◆ **Prompt**:
Only a verbatim restatement of the lines from the one with "ハレックスの気象データMCPサーバ利用イメージ" through the end of the listing below is wanted. Pictures should be left out.

[Opening Data section section]

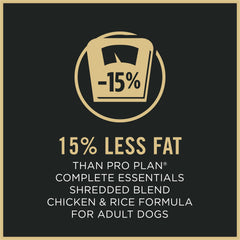 Purina Pro Plan Weight Management dry fortified with probiotics for digestive health.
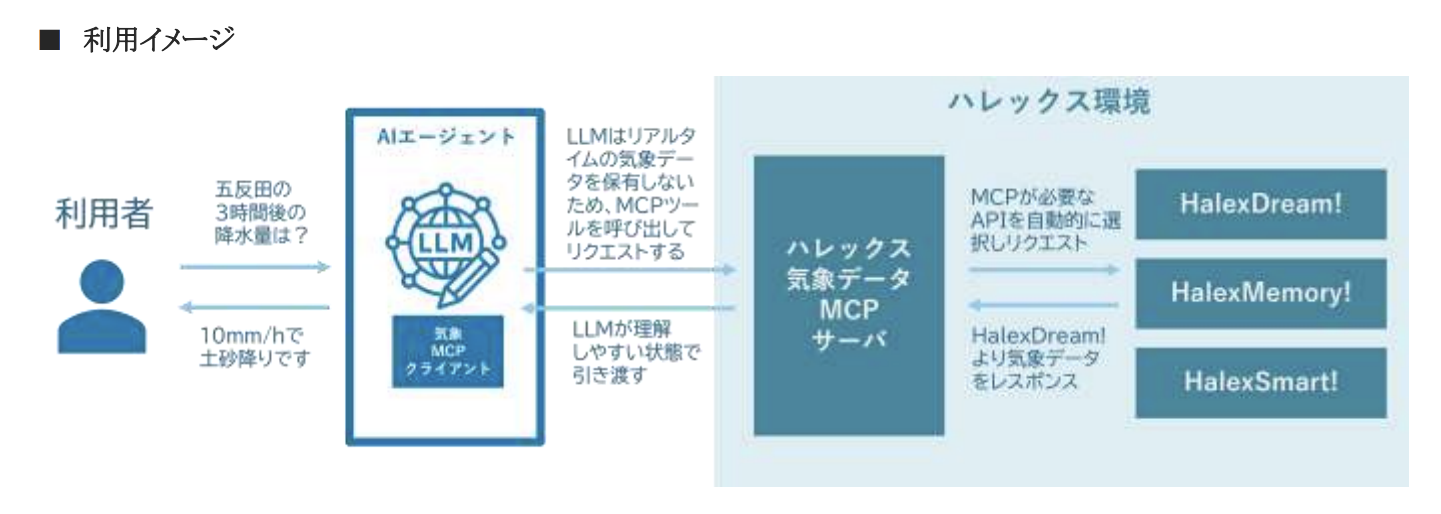 ハレックスの気象データMCPサーバ利用イメージ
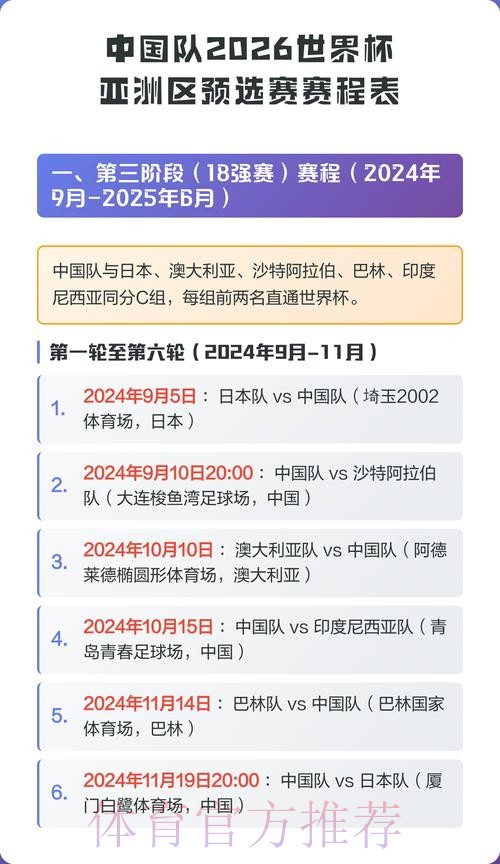 2026世界杯每日赛程中国时间比赛时间表在哪里看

[Closing Data section section]

◆ **Response**:
 ハレックスの気象データMCPサーバ利用イメージ
 2026世界杯每日赛程中国时间比赛时间表在哪里看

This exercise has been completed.